When you think about this seriously, it really is quite long of a time. After all, our oldest civilization that we know of first began during the early part of the Bronze Age. This means that it was only around 3000 years BC. So, in total that civilization was about 5000+ years ago, which is only a quarter of the time dogs have been spending being our friends.
Naturally, with that kind of time spending with us humans and our curious nature, there is no way that they are not affected by us. We have been breeding dogs for as long as they have been by our side to get more diversified attributes from them. Thus, at the moment, there is quite a variance in dog breeds.
As a result, when people get a new pet dog, they usually have no idea of how to incorporate him into his new family. After all, each individual dog has its own way of dealing with this kind of situation. Thus, I write this guide of Meeting For The First Time: How To Introduce A New Dog To Your Other Dogs in the hope that someone can find some useful knowledge from it.
Make sure to do the introduction on neutral ground
It is always the best to let the dogs get familiar with one another on some neutral territory, like outdoors! Each of the pups should be separately walked with a leash on their necks in order to limit the potential of fighting to the minimum. In addition, the walkers should also carry with themselves a pouch full of high-quality food or treats that were previously broken into small pieces.

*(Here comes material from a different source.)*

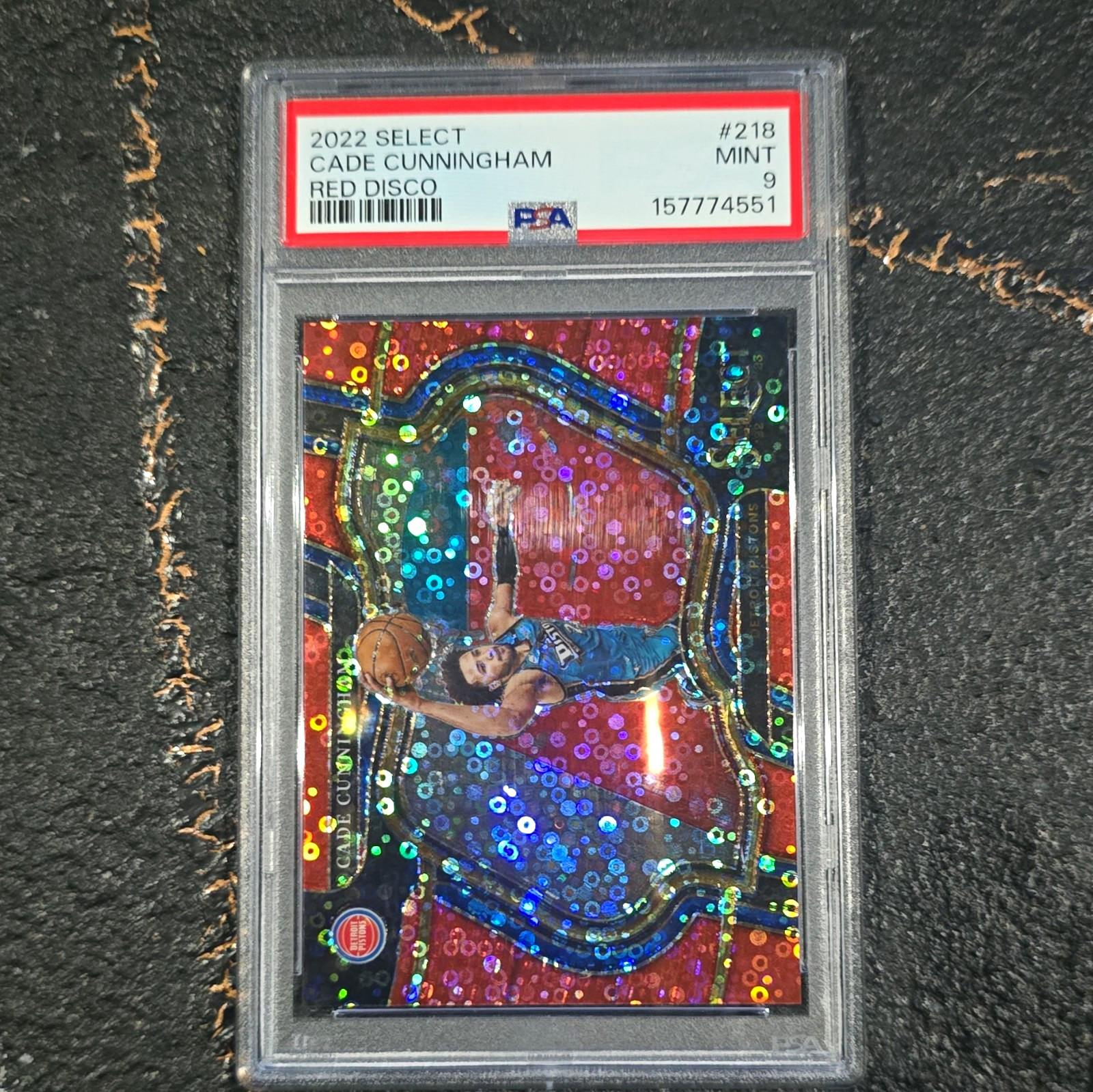 Panini 2022-23 Select Courtside Cade Cunningham #218 Red Disco /49 PSA 9 Panini 2022-23 Select Courtside Cade Cunningham #218 Red Disco /49 PSA 9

To start things off, walk the pups at the kind of distance that each pup can be in the field of view of the other. However, you should also remember that the distance should not be too close so that the pups will not be too ticked off by the presence of their new friend. In the case of your pups not showing any behavior of negative nature, then you can give them some treats as a reward for meeting one another. For instance, when one dog looks at another, then his walker can reward him with a “Good boy!” in a friendly and happy voice. Of course, you should not forget about the treat. It is best if you can repeat this process multiple times so that the pup can get more used to the other’s presence.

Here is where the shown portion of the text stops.